Preparation for “Challenging Winter”

AMS has brought together 37 experts in response to a request from Lord Patrick Valence, the government’s chief scientific adviser, to model the expectations of the harsh winter.

In this scenario, the infections increase over time, peaking in hospitalization and death. It will occur in January and February next year and is similar in magnitude to the first wave, coincident with the peak demand for NHS services.

“We are in a relatively calm time right now, and we have the opportunity to prepare for this scenario,” Professor Holgate told a briefing convened by the Science Media Center.

A less serious epidemic scenario with an R-rate of 1.1 or 1.5 from September to July 2021 is provided in the appendix of the report.

An R-rate of 1.1 could lead to 1300 over-deaths (95% confidence level, 200-14,000) and an R-rate of 1.5 could lead to 74,800 over-deaths (95% confidence level, 2700-175,000). There is a possibility.

“In some states in the United States, where the number of cases is currently increasing, we have now seen breeding numbers in the 1.1 range,” said Professor Azra Ghani, chair of Infectious Disease Epidemiology at Imperial College London. When converted to 1.4 inches and translated into the UK, it means “medical services will continue to expand.”

“I expect the government to take action if infections start to increase and more cases are seen,” she said.

However, modeling does not consider recent positive tests DexamethasoneThis suggests that COVID-19 mortality can be significantly reduced.

Recommendation

The report calls for some measures to save lives this winter and prevent the medical system from being overwhelmed.

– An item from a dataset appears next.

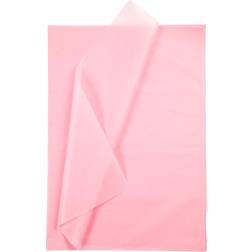 Creativ Company Tissue Paper, 50x70 cm, 17 g, light rose, 25 sheet/ 1 pack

  • Minimize coronavirus infection in the community and launch a publicity campaign in the fall

  • Reorganize health care and social care staff and facilities to maintain separate COVID-19 and COVID-19 free zones to minimize Nosocomial infection

  • Ensuring proper testing and personal protective equipment (PPE)

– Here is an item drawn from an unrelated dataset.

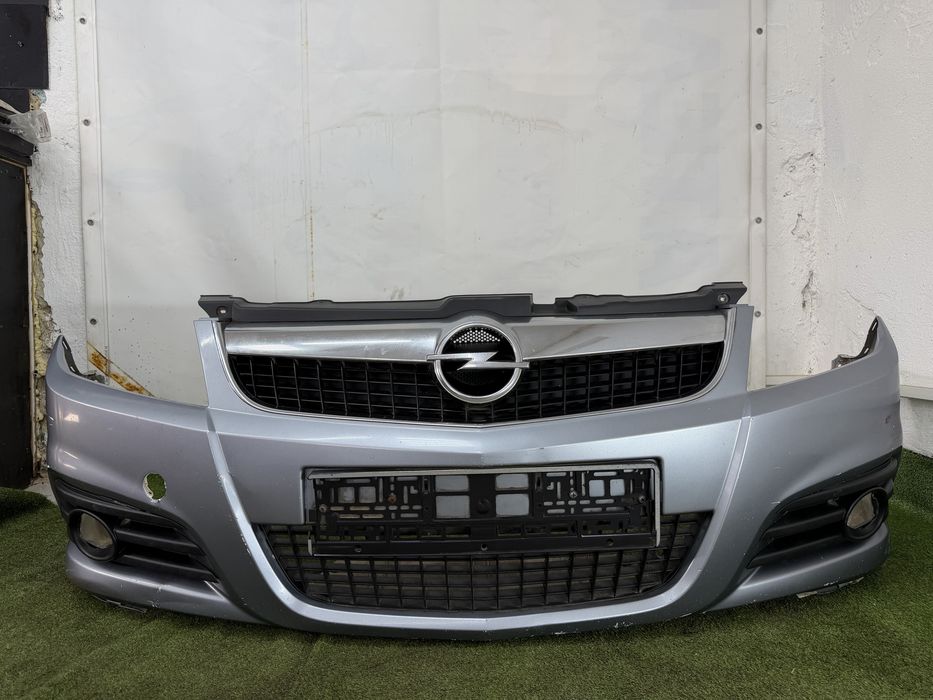 Передній бампер Опель Вектра с рест. Z 163 Opel vectra c рестайлінг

  • Establish a comprehensive, near real-time, population-wide monitoring system for monitoring COVID-19 levels

  • Coordinated vaccination precautions against the worst effects of influenza

“There is no vaccine for the coronavirus yet, but there is one influenza“And we have to help as many vulnerable people as possible and as many health workers as possible to get the influenza vaccine,” Holgate said.

He states that upscaling test and trace programs is absolutely essential. “People who have a real coronavirus, as well as the flu and other respiratory viruses, because there are far more infected people who may actually resemble a coronavirus infection.”

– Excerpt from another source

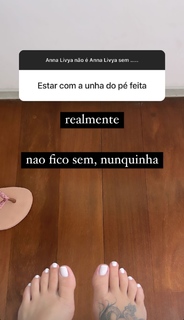 Anna Livya Padilha feet photo 11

The academy also asked Ipsos MORI how to think about possible issues this winter, with the general public, those with “shield” advice, and those with a background of blacks, Asians, and ethnic minorities. I was asked to conduct an online workshop on how I feel.

These reveal a limited level of understanding of what winter means in terms of the revival of COVID-19, and a lack of awareness that rising risk may continue until the end of March next year. It was.

“We are advocating a strong public relations campaign,” said Anne Johnson, professor of epidemiology of infectious diseases at University College London and vice president of AMS. “Everyone needs to understand that COVID-19 has not disappeared. Therefore, everyone is responsible for social distance, wearing face wraps as social norms, good breathing and hand hygiene, and proper hygiene.” The level of heating and ventilation of our house.”

reaction

In response to this report, Dr. Simon Clark, vice president of the Royal College of Childhood Health, said: “Even without the second peak, it’s very difficult to recover lost capacity and handle the huge backlog of canceled procedures. Going this path twice every 12 months It would be a disaster for children and families.

“We know a lot more about the problems we are facing than at the beginning of the first wave. Using months of summer to enhance our services so we can better address them. Is important.

“Unlike recent memory, it can be winter. NHS worker engagement alone is not enough. NHS plans to protect emergency funds, additional capabilities, and services focused on non-COVIDs. Is required.”